“A person always exceeds and resists the limits of a story about them...”
—Catherine Lacey, Biography of X
When the angels came to my mother, they were not, as might be expected, wielding flaming swords to avenge all wounds. Mostly, they were singing show tunes.
In her last few years she lived alone near my brother and his family in a house of which every surface had become a canvas for her self-expression. An antique bookshelf held cookbooks, stuffed animals, a styrofoam mannequin head in sunglasses, and assorted vases and charms; a kewpie doll wore WWII pilot goggles on its head and a political button on its dress; a life-sized cardboard stand-up of Eddie Fisher stood in the corner drinking a Coke. My grandmother’s china kept counsel with Japanese lacquerware (from when my stepfather was stationed on Okinawa), Native American-themed posters and rugs (from decades in the Southwest), and a steamer trunk full of our childhood school papers. She would write her opinions on news clippings and stick them on the fridge between family photos.
Growing up, we always opened our gifts under a Christmas tree topped with a Star of David. In later years that display shrank to a small cross and star on a silver chain around her neck—not a statement of creeds (she distrusted organized religion) but another expression of her multitudes.
When she started going deaf, it was the world that had to bend. Instead of getting hearing aids, she taped a sign next to the front door in her graceful script, “Doorbell Broken!” When begged to see reason, she blamed us all for whispering.

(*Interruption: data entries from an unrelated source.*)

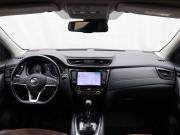 Nissan Qashqai II Рестайлинг Москва  - изображение 41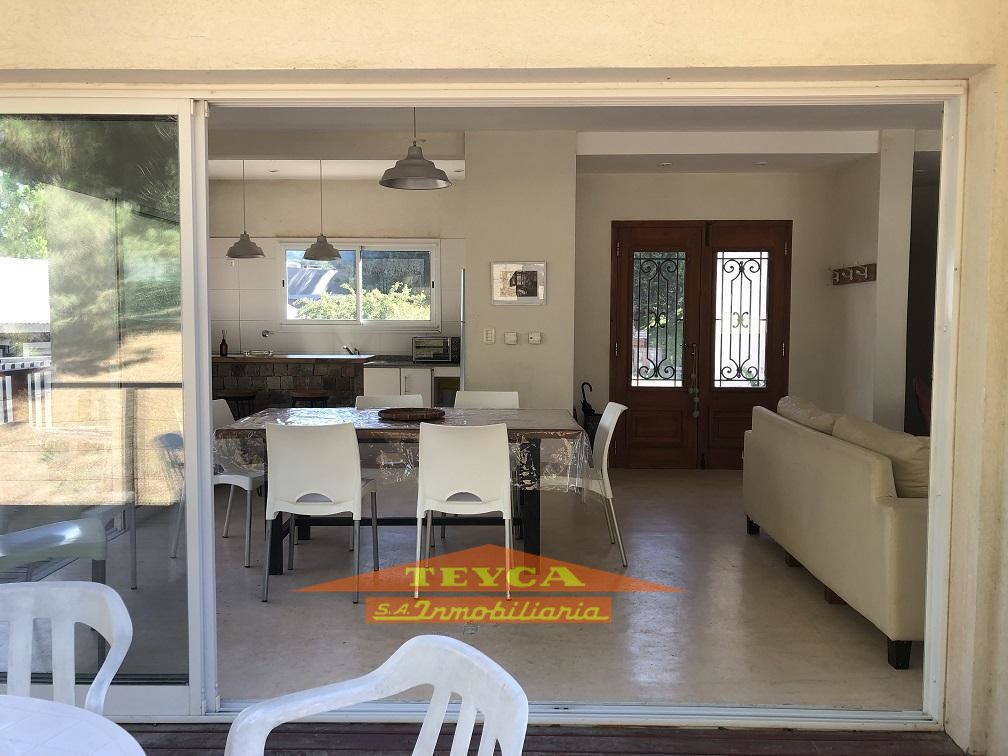 Casa en venta  4 ambientes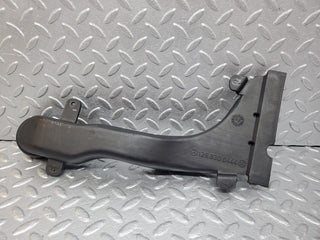 45050 Mercedes-Benz R129 300SL Coupe Front Air Vent Duct 2x 1298300444 1298300344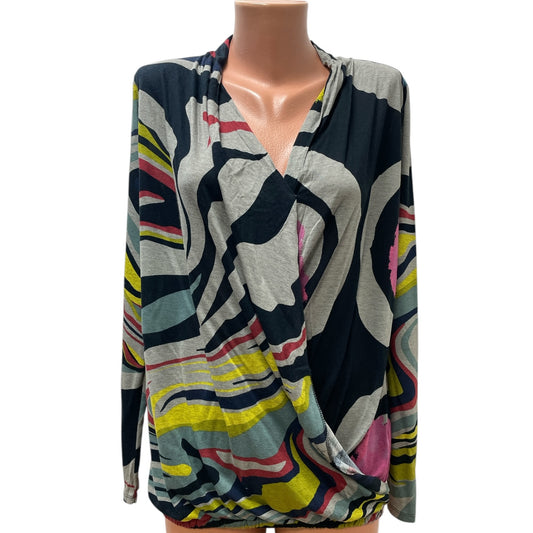 Дамска блуза DESIGUAL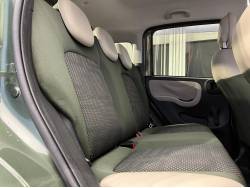 パンダ ４×４コンフォートの中古車画像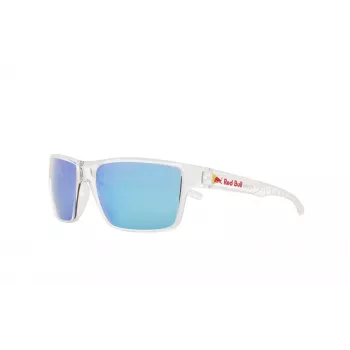 Red Bull Spect Chase akiniai X'tal Clear / Smoke Polarized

Phone conversations were possible because she could max out the volume. When I called from across the country, the radio was usually blaring some angry voice that incited her outrage. She’d rail against a wide range of villains, past and present—most reliably Hitler and “that man, your father.” She couldn’t sleep some nights, fretting that her ex-husband would get off “scot-free” for old transgressions and God might forgive Nazis.
“Even if they’re truly sorry for what they did?” I’d ask.
“I don’t care if they’re sorry. I want them to be punished!”
By then she was yelling directly at God as I stretched out my phone arm to spare my mortal ear.
Worried about her living alone after an illness in which she’d lain in pain for days before anyone knew, two of my brothers stealthily rigged up her house with motion sensors that allowed them to keep vigil from apps on their computers. Luckily, she never found out that her worst suspicions had come true: she was being surveilled.
Above the talk-show hosts peddling conspiracies at top volume, she began to hear other voices.
First, there was a voice that just said “Hello?” as if a neighbor had popped their head in to see if anyone was at home. She matter-of-factly named it the Hello Voice.
Another would call her name in a questioning tone, as if through the kitchen wall.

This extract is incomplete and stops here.